The electric field disturbance triggered by TTFields leads to alteration in nuclear structure and abnormality in chromosomal number and distribution (Gera et al., 2015; Giladi et al., 2016; Silginer et al., 2017; Kessler et al., 2018; Jo et al., 2018b). As shown in Figure 2A, TTFields induces cellular stress, which results in nuclear dysmorphologies (Gera et al., 2015; Giladi et al., 2016; Silginer et al., 2017; Kessler et al., 2018; Jo et al., 2018b). TTFields exposure increased the number of GBM and mesothelioma cells with multiple nuclei and micronuclear structures by 6% and 16%, respectively (Giladi et al., 2016). Additionally, studying human breast adenocarcinoma (MCF-7) cells via fluorescence microscopy following 8 h of 150 kHz TTFields exposure showed a 10% increase in the number of enlarged cells (Gera et al., 2015). The enlargement was a consequence of cellular stress induced by TTFields that results in an increase in the number of nuclei present in each cell (Gera et al., 2015). The aberrant effect of TTFields on normal nuclear formation in cancer cells can be intensified by combining TTFields with chemotherapies. Analyzing human GBM with fluorescence microscopy following exposure with TTFields and an inhibitor of monopolar spindle 1 (Mps1-IN-3) resulted in a significant increase in the number of cells with aberrant nuclei and abnormal shape and morphologies (73% compared to 9% in the control group). Each treatment alone also increased the number of cells with abnormal nuclei (38% for TTFields exposure and 65% for IN-3 exposure), but the increase was more significant under combination treatment (Kessler et al., 2018). Time-lapse fluorescence microscopy of human cervical adenocarcinoma (HeLa), breast adenocarcinoma (MDA-MB-231 and MCF-7), and colorectal cancer (HCT116) cells demonstrated a 25% increase on average in the number of cells with a higher number of micronuclear structures (Gera et al., 2015). This indicates that TTFields can induce stress in cancer cells, which results in an increase in genotoxic events, chromosomal instability, and cell death.

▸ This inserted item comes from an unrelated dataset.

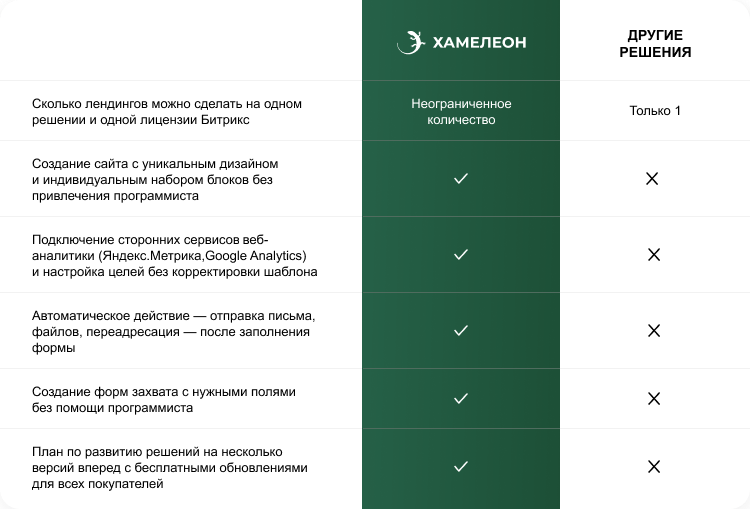 ХАМЕЛЕОН: 999 в 1 — безлимитный конструктор лендингов с корзиной и автоворонками — скриншот 52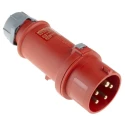 MENNEKES StarTOP IP44 Red Cable Mount 3P+N+PE Straight Industrial Power Connector 16A 400V IP44 IP44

Further morphological changes in the endoplasmic reticulum (ER) were observed in cancer cells exposed to TTFields. The ER is required for protein production and ensuring the function and stability of cells. Thus, ER dilation as a result of TTFields exposure disrupts protein synthesis and their translocation to the cell membrane, which could further contribute to cancer cell death (Silginer et al., 2017; Voloshin et al., 2020a). ER dilation was observed under electron microscopy (EM) in human long-term glioma (LN-18) and gastrointestinal cancer (ZH-161) cells (Silginer et al., 2017). Additionally, immunoblotting analysis of LLC-1 and CT-26 cells exposed to TTFields for 72 h showed a respective 3-fold and 6-fold increase in phosphorylation of elF2a over time (Voloshin et al., 2020a). Such observations further demonstrate that TTFields induces stress in the ER that could disrupt various cellular functions and interactions with the intracellular environment. Induction of ER stress could also be the underlying reason for the increase in localization of calreticulin (CRT) in the cell membrane following TTFields exposure (Voloshin et al., 2020a).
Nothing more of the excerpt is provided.